DATA EXTRACTS Block Start
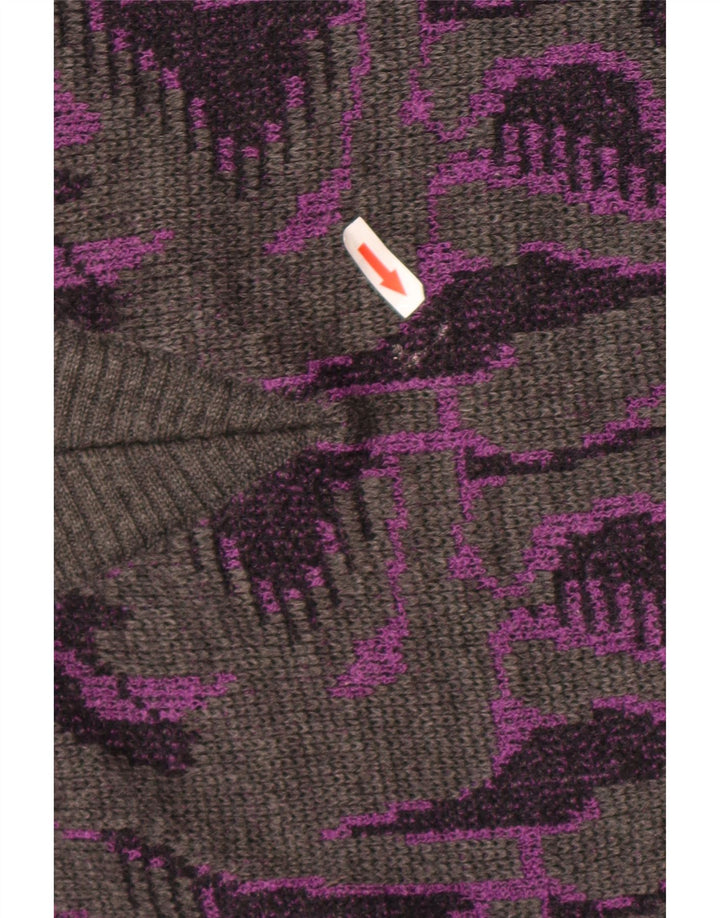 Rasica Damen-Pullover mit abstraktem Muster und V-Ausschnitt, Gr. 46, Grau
DATA EXTRACTS Block End
DATA EXTRACTS Block Start
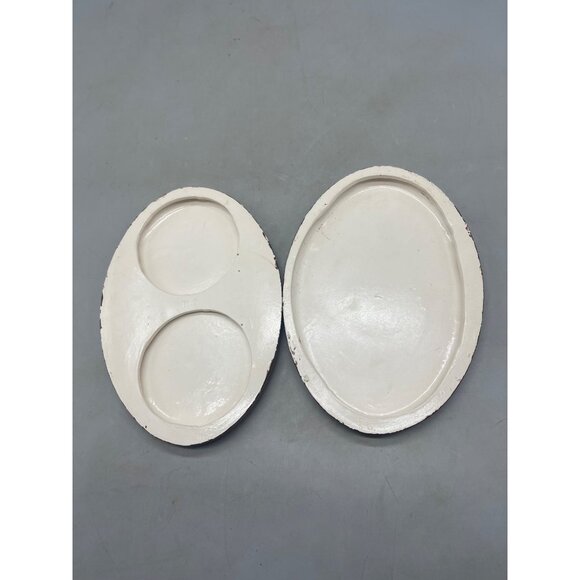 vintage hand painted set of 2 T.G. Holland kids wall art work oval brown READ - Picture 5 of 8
DATA EXTRACTS Block End
DATA EXTRACTS Block Start
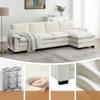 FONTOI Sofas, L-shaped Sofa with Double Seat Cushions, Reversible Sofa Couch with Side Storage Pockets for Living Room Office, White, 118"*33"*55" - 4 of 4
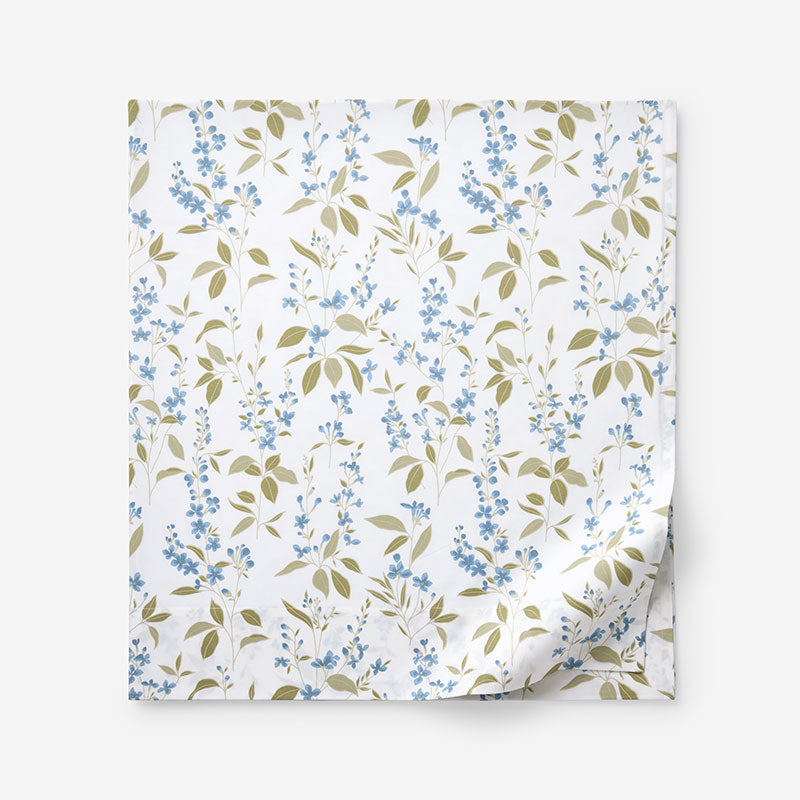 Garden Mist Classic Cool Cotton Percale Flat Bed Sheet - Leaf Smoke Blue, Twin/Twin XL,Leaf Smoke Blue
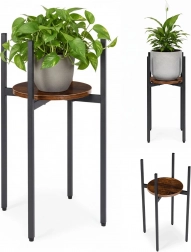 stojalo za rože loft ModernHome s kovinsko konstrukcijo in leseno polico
DATA EXTRACTS Block End
• TASK TO CARRY OUT
Output only the lines above from the one containing "Garden Mist Classic" to the one containing "stojalo za rože", both included, exactly as written and with no pictures.

• WRITTEN ANSWER
 Garden Mist Classic Cool Cotton Percale Flat Bed Sheet - Leaf Smoke Blue, Twin/Twin XL,Leaf Smoke Blue
 stojalo za rože loft ModernHome s kovinsko konstrukcijo in leseno polico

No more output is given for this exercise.